Andie Wilkinson‘s photographs from ‘Close To Home/Autumn’ are beautiful and resonant, manage to inhabit a quiet silence that reflects both the season and the peace of rural life. Of being happy in ones own skin, in life and the cycle of nature that manifests itself in all its deathly glory at this time of year.
Incredibly Wilkinson has no digital footprint, I can’t follow her, into her world, into the woods of her imagination, a place in which she lives in tune with the forest, the earth and the sky, the dying summer and the approaching winter.
For many, including me, Autumn is a time of reflection, of days in which we become most aware of our own mortality; the leaves dying , the insects gone, the mice looking to find a warmer place to make their home, wild berries harvested, the wind and rain moving in, the arc of the sun lowering everyday until the darkness blankets our daily life. And the winter sets in. Hard. Cold, Unrelenting. And we wait. For the spring to bring renewed life. Fresh, young, full of vigour and hope.

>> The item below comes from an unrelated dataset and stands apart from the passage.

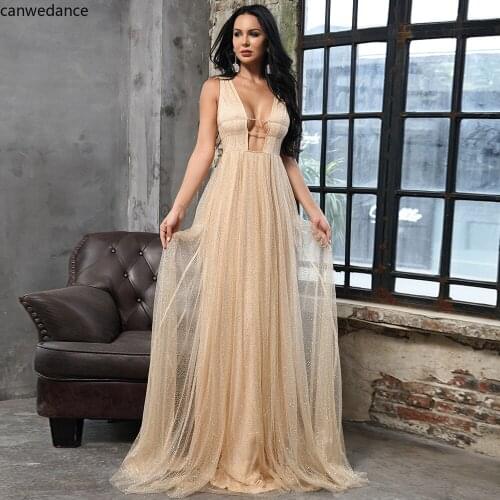 Sexy Hollow Out Womens Dress Summer Deep V-Neck Mesh Sequins A-Line Dress for Women Party Night Dress Robe Vestidos De Verano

In these picture we get that sense of passing time; the dead mouse caught scurrying across the floor, the dying light shining on a vase of Hydrangeas, a spiders web stuck hard and fast as if preparing itself for the onslaught of more demanding weather, a young boy fishing in twilight, the forest oppressive at the turn of the day, a basin of water sitting on a cold stone slab. The textures are deep, the colours rich yet dour, the light wan yet beautiful in its fragile nature.
These photographs are a paean to Autumn, to nature, to life. They are nuanced, poetic and touch on the divine. Each picture the work of an empathetic artist who has a deep understanding of her subject matter and treats everything she sees through her lens with a tenderness and love that is utterly beguiling.